Consumers make at-need purchase decisions regarding funeral goods and services subject
to extreme time pressure and emotional vulnerability. In adopting the Rule, the Federal Trade
Commission (“FTC” or “Commission”) concluded that the rulemaking record indicated that
industry members often failed to give consumers needed information about the prices of
individual components of a funeral and about funeral-related legal requirements. The price lists
and statement of goods and services required by the Rule increase consumer welfare by:
(1) allowing consumers to make purchase decisions based on accurate price information and
accurate information about what they are and are not required to purchase, and (2) allowing
consumers to review their selections and the related prices. These requirements also increase
consumer welfare for purchasers making pre-need funeral arrangements by allowing them to
compare the prices and services of competing funeral providers.
The Funeral Rule also requires that funeral providers retain records demonstrating their
compliance with the price list and other provisions of the Rule for a one-year period. These
recordkeeping provisions help the Commission effectively monitor and ensure compliance with
the Rule. The recordkeeping requirements do this by assuring that much of the information that
must be disclosed to consumers is readily available for examination by Commission staff and
state regulators for law enforcement purposes.
2. Use of information
The collection of information required by the Funeral Rule amounts to the preparation
and printing of price lists and statements of goods and services, including required disclosures,
the retention of these price lists and statements, and the provision of price information in
response to telephone inquiries. These requirements help to ensure that price information is
readily available to consumers. In addition, disclosures required to appear on the general price
list inform consumers that they have the right to purchase only those goods and services that they
specifically select. The Rule seeks to promote informed decision-making so that consumers are
able to make funeral arrangements within their means. The Rule’s recordkeeping provision
allows the Commission, at any time, to check on current and prior compliance.
3. Consideration of the Use of Improved Information Technology to Reduce Burden
Consistent with the objectives of the Government Paperwork Elimination Act, 44 U.S.C.

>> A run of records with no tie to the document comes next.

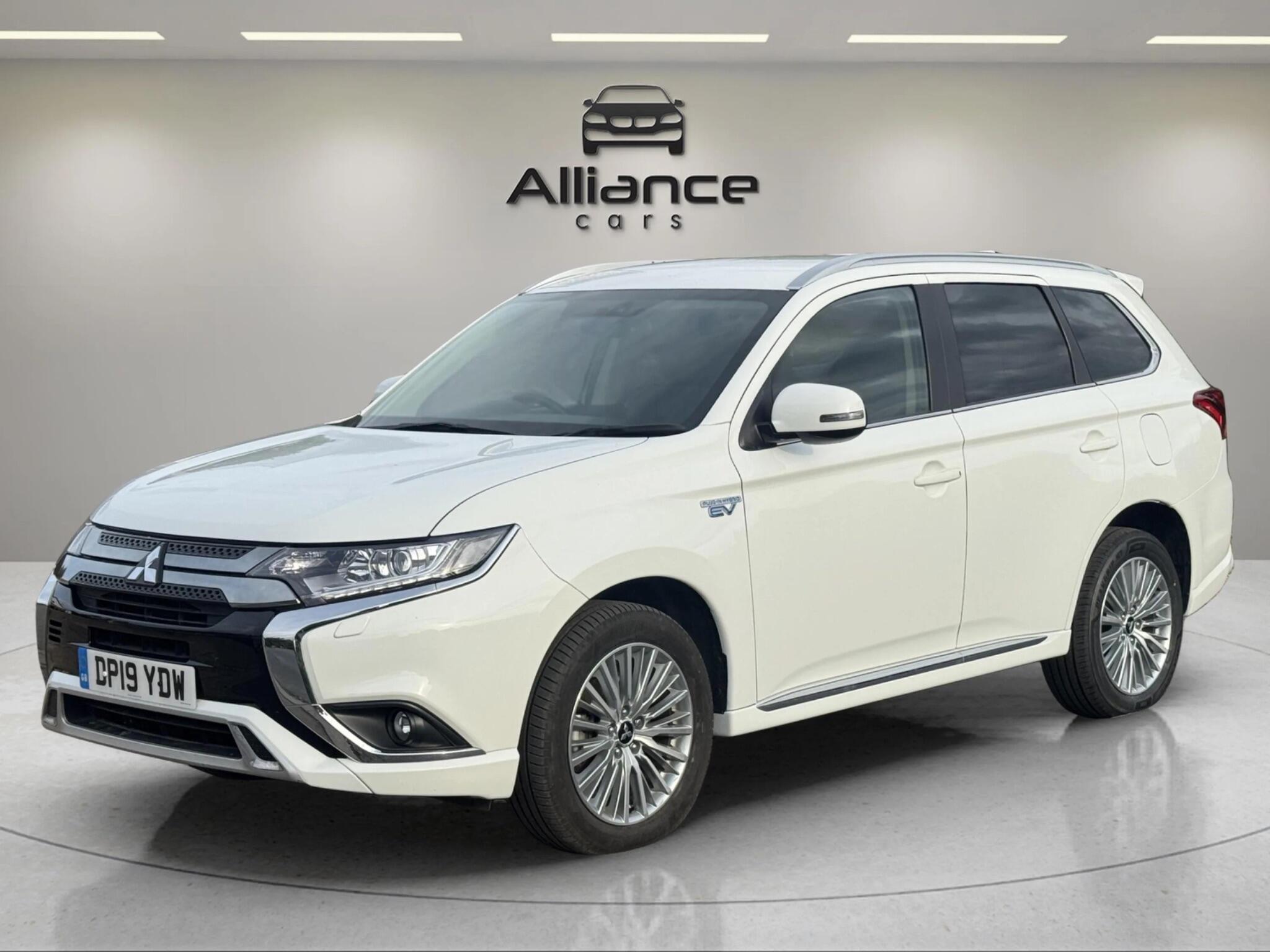 Mitsubishi Outlander view 18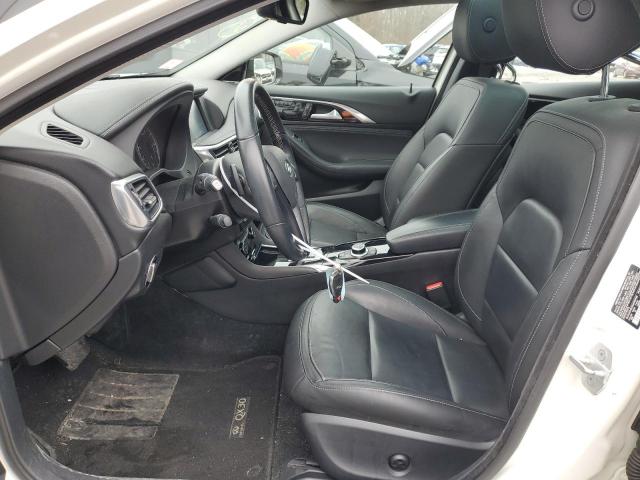 SJKCH5CR0JA054730 - 2018 INFINITI QX30 BASE WHITE photo 7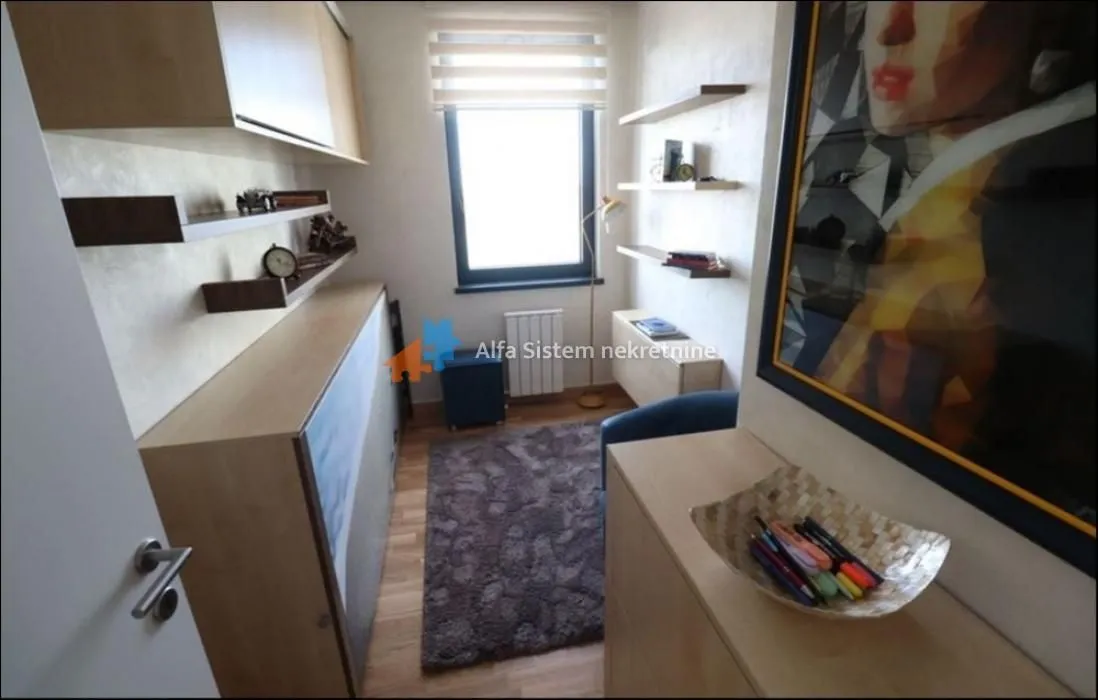 Rent, four bedroom apartment, 90m², Savski Venac, Beograd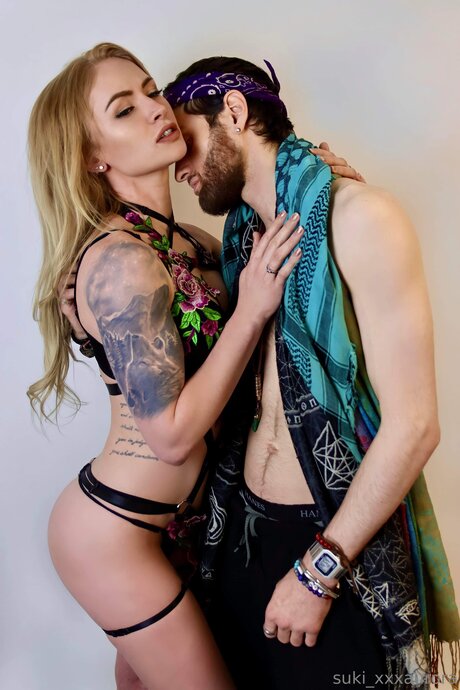 Suki Xxxaurora sexy star gallery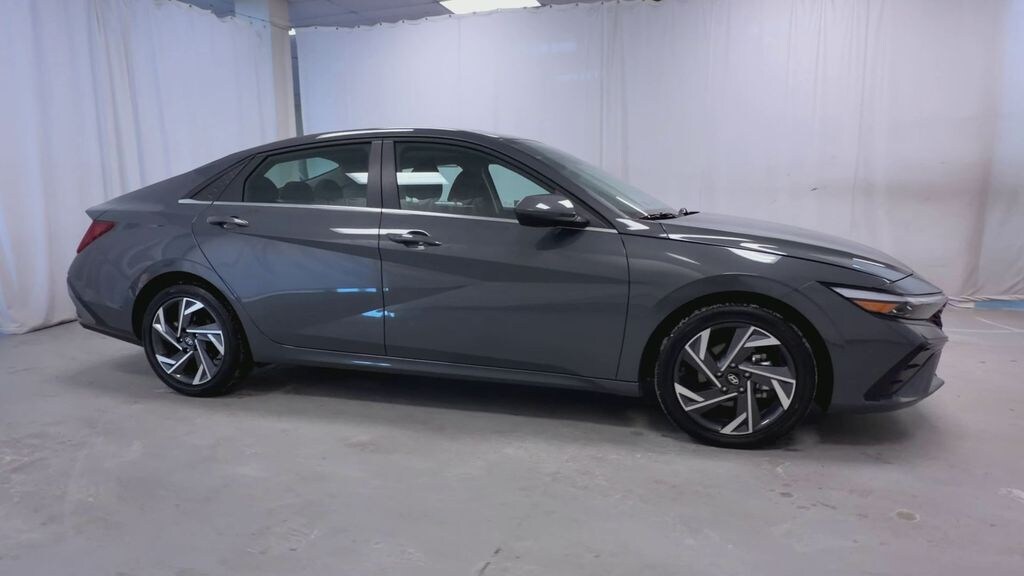 Certified 2025 Hyundai Elantra SEL Convenience Sedan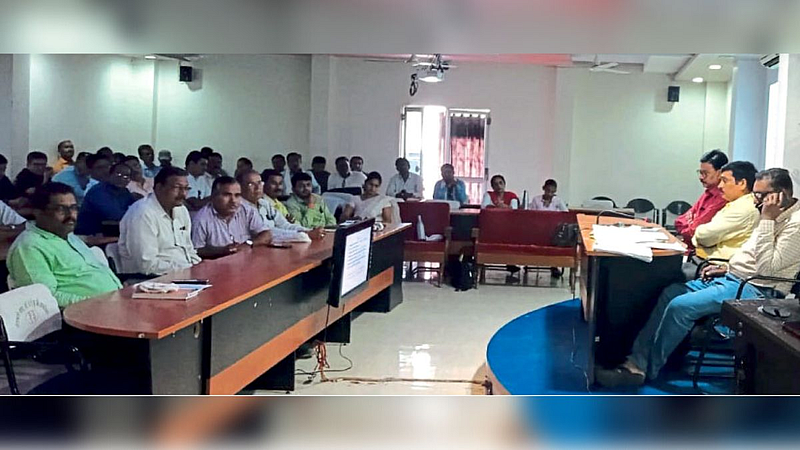 Akola Agriculture department attention to fertilizer and seed sellers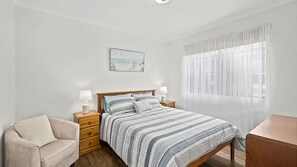 2 habitaciones, tabla de planchar con plancha y ropa de cama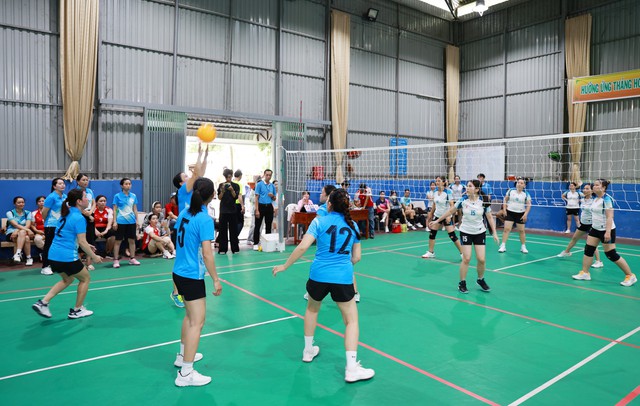 Hơn 300 VĐV tham dự Giải bóng chuyền hơi nữ Agribank Lai Vung mở rộng lần II năm 2026- Ảnh 11.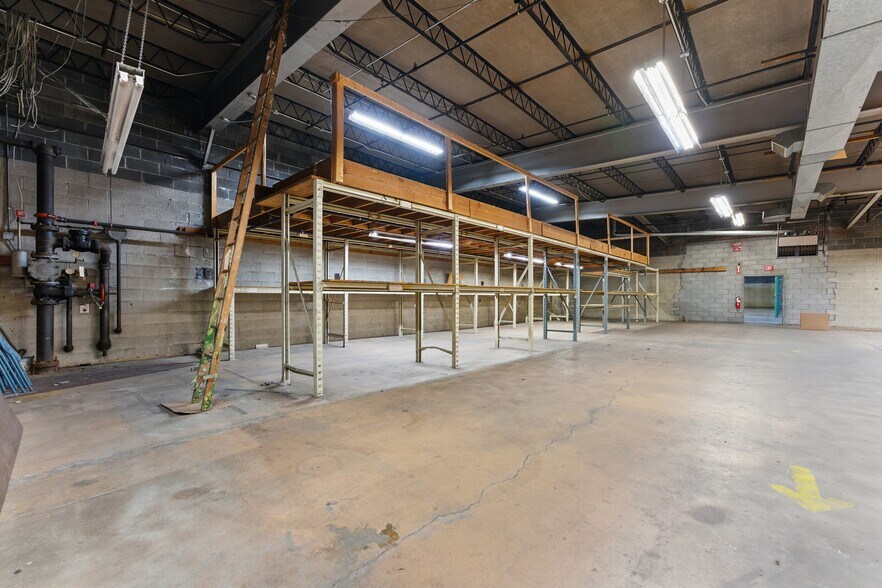 More Photos Of 16 Commercial Ave, Albany Warehouse For Lease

§ 3504 note, the Rule permits providers to use a variety of technologies to reduce the burden of
compliance. For example, funeral providers may maintain their price lists and statements of
goods and services on computers and thereby reduce the time it may take to produce or revise
them.
4. Efforts to Identify Duplication
The Rule requires the preparation, distribution, and retention of price lists and statements
of goods and services. No other federal law or regulation requires that these records be prepared
or kept since these records are specifically tailored to the Rule’s provisions. Many states have
disclosure requirements that are similar to those the Rule requires, and these states may also
impose their own recordkeeping requirements. Although states may impose their own
requirements, most incorporate by reference the Rule’s requirements or substantially mirror
them.
5. Impact on Small Businesses
Many of the approximately 19,900+ funeral providers in the United States are small
businesses. A continuing trend in the industry, however, is the corporate ownership of funeral
homes across the country. Corporate or “chain” ownership of funeral homes currently
characterizes approximately 20-25 percent of the funeral industry. This concentration in
ownership of funeral providers has the effect of transferring the impact of the Funeral Rule from
small to large business entities. In any event, the burden of complying with the Rule is fairly
minimal both as to small businesses and large corporations. There is no reporting requirement
for funeral providers, the price lists that funeral providers must prepare and retain are
uncomplicated, and the recordkeeping requirements are simple and short in duration (one year).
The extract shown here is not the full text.